In my last post I referred to Richard Dawkins’ assertion that a state organized according to Darwinian principles would be a fascist state. In response some of the commenters alluded to Dawkins’ statement that he is “anti-Darwinian” when it comes to politics. Dawkins, the commenters said, believes we can “rise above” our Darwinian impulses.
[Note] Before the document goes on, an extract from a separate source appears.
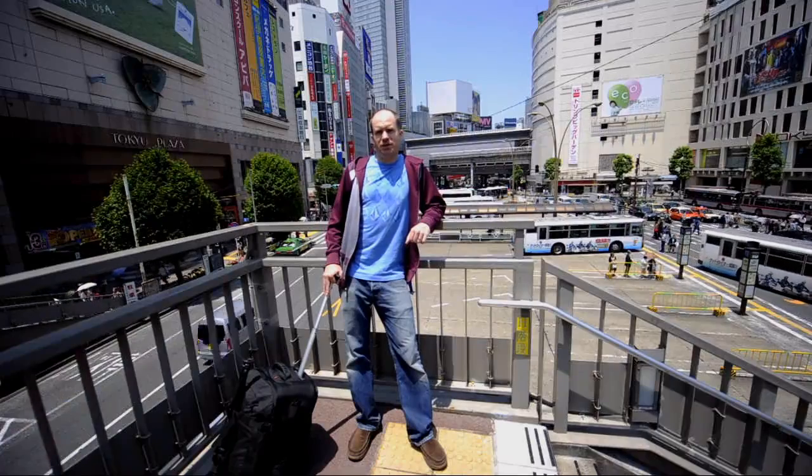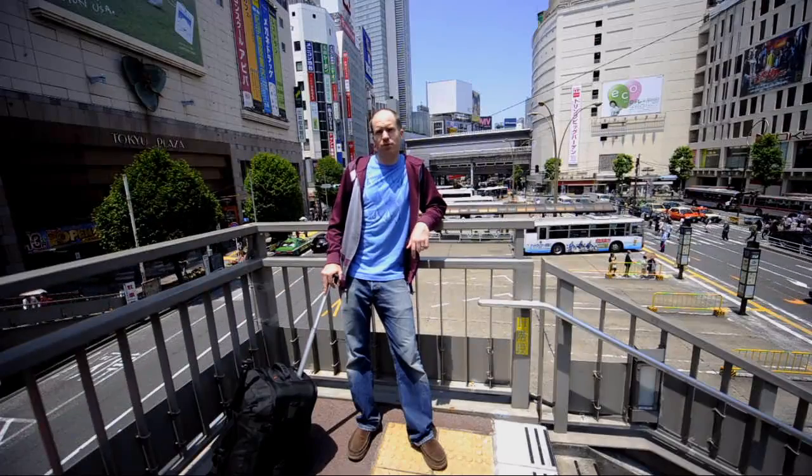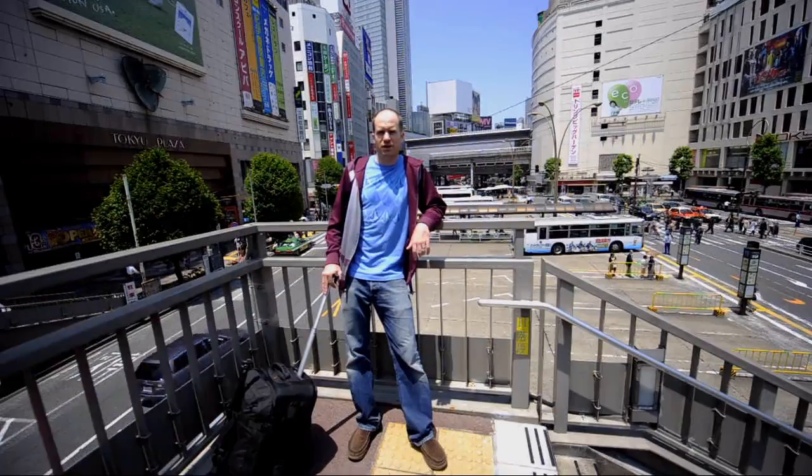Hi, my name is Mike Crane. I'm here in Japan shooting some stock photography, and on this trip I'm using Lowepro's new ProRunner X450AW. It's the perfect bag for any urban environment, and I'm going to show you how I use it on this trip.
The problem with this assertion is that Dawkins is trying to have it both ways. He writes:
The universe we observe has precisely the properties we should expect if there is, at bottom, no design, no purpose, no evil and no good, nothing but blind, pitiless indifference. As that unhappy poet A.E. Housman put it: ‘For Nature, heartless, witless Nature Will neither care nor know.’ DNA neither cares nor knows. DNA just is. And we dance to its music.
Richard Dawkins, River out of Eden : A Darwinian View of Life (London: Phoenix, 1995), 133 (emphasis added).
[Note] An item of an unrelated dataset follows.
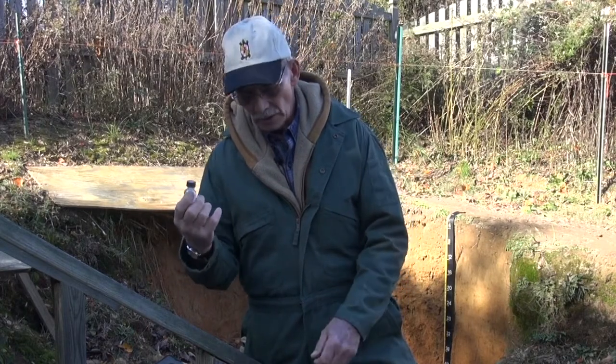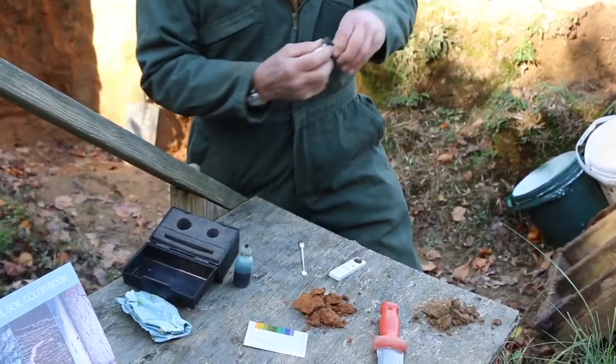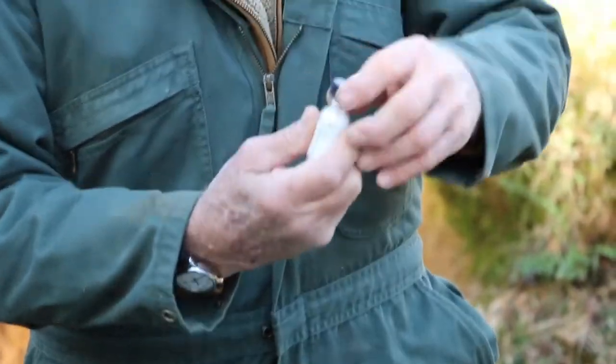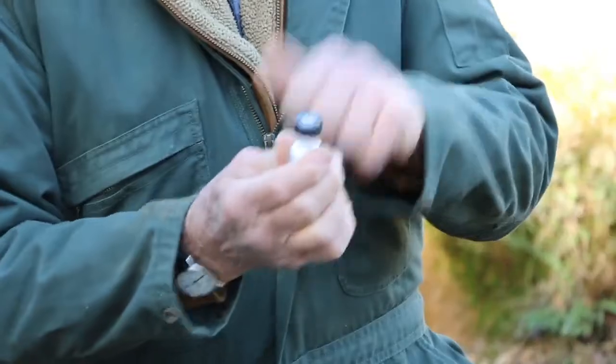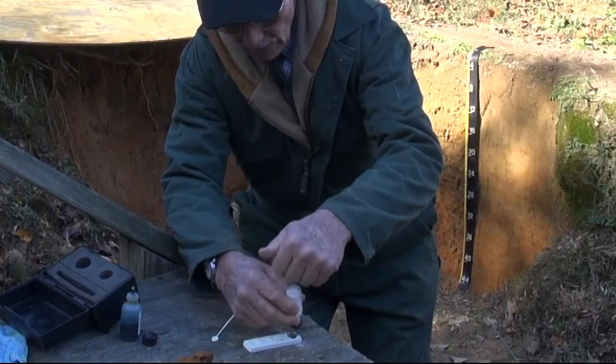It's important when using the powder that you remove the cap off these chemicals by pulling it off and not unscrewing the cap. This has a screen on it that will allow the powder to come out as a powder. Hold it over the sample like this and peck it just a couple of times.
In the last sentence Dawkins asserts that Darwinian determinism is absolute. It is, therefore, incoherent for him to suggest that we can “rise above” our biological nature. For if he is correct then we are nothing but material objects dancing to DNA’s tune, and it makes no sense to suggest that an object can rise above itself.
It is just here that O’Leary’s work in “The Spiritual Brain” comes into play. I can rise above my material body ONLY if an immaterial “me” exists that is separate from, and superior to, my body.